Modern trade agreements with intellectual property rights (IPR) chapters increase the prices of new medicines as result of market exclusivity (monopoly). The increasing concentration of global pharmaceutical markets has also resulted in new problems of availability and pricing of more ordinary medicines in many countries. While IPR is defended as incentive for innovation, this has come with increasingly high prices and limited response to health policy priorities, such as need for new antimicrobials. Trade agreements are key to the protection of intellectual property rights and data exclusivity, leading to higher prices of new medicines and in restricting, rather than enhancing competition. The importance of knowing what is written in trade agreements has been emphasized by Dani Rodrik (2018) in his paper “What do trade agreements really do?” where he elaborates why we should not assess impacts of trade agreements on the basis of misplaced general assumptions about what ‘free trade’ actually means. Traditional discussion of ‘free trade’ focuses on competition, lower prices and bigger choice for consumer products. But we should not take this at face value, because such talk does not fully correspond to the actual contents of trade talks on investment, intellectual property rights, regulatory cooperation, government procurement and trade in services.

Triple trouble for health

The challenge of trade talks for NHS and health policy is that there are significant conflicts of interests between the priorities of large multinational industries and those of national publicly funded health systems.
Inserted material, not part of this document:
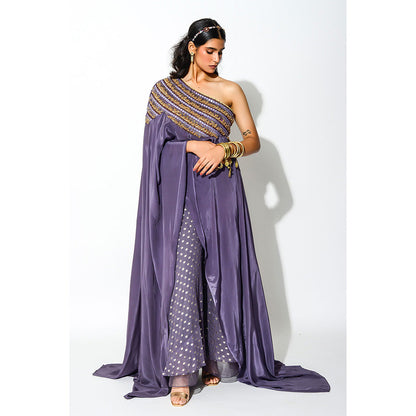 Rishi & Vibhuti Pants with Off Shoulder Cape (Set of 2)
There are also conflicts of interests between large multinational industries and public health protection and health promotion. Achieving great economic benefits for industries in trade negotiations can result in large costs for publicly funded national health systems. For example, if trade negotiations enhance competition in health services and restrict competition in pharmaceuticals, this can increase costs as well as ultimately undermine access to services and medicines. Free trade agreements can also enhance unhealthy consumption (e.g. tobacco, alcohol, soda and junk food), while making regulatory measures more difficult, cumbersome or conditional on increasingly onerous demands for evidence. While big industries from tobacco to pharmaceuticals would benefit, the NHS could bear the triple burden of increasing ill-health as result of lack of effective regulatory action, more market driven service provision, and growing cost pressures from higher prices of new treatments and technologies.

Finally, the question is not whether or not to negotiate trade agreements, but for whose interests trade agreements are negotiated and how other public policy priorities – and public value - are recognized, assessed, prioritized and duly addressed as part of trade negotiations. In the light of the current response to the petition from the UK government, it seems that none of the key issues of concern with respect to NHS are really addressed.